▶ [Aim of the exercise] Find the line in the entries below that contains "Right now you". Repeat it exactly, and every line after it through the line that contains "In it, the users".

▶ [Task inputs]
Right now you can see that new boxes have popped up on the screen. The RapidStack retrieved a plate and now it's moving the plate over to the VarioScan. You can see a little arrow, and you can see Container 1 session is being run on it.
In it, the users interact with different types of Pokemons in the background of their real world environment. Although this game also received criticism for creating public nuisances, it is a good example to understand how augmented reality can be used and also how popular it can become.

---

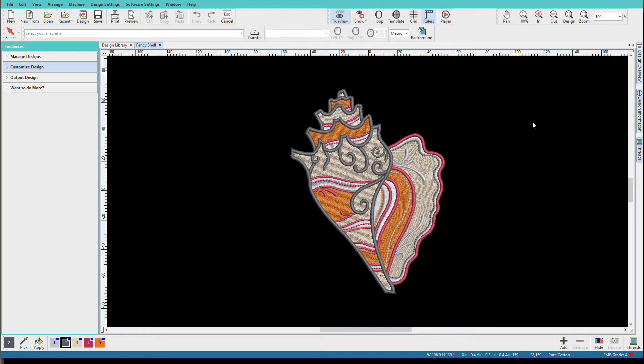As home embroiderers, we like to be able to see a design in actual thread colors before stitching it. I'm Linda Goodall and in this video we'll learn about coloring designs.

▶ [Your solution]
Right now you can see that new boxes have popped up on the screen. The RapidStack retrieved a plate and now it's moving the plate over to the VarioScan. You can see a little arrow, and you can see Container 1 session is being run on it.
In it, the users interact with different types of Pokemons in the background of their real world environment. Although this game also received criticism for creating public nuisances, it is a good example to understand how augmented reality can be used and also how popular it can become.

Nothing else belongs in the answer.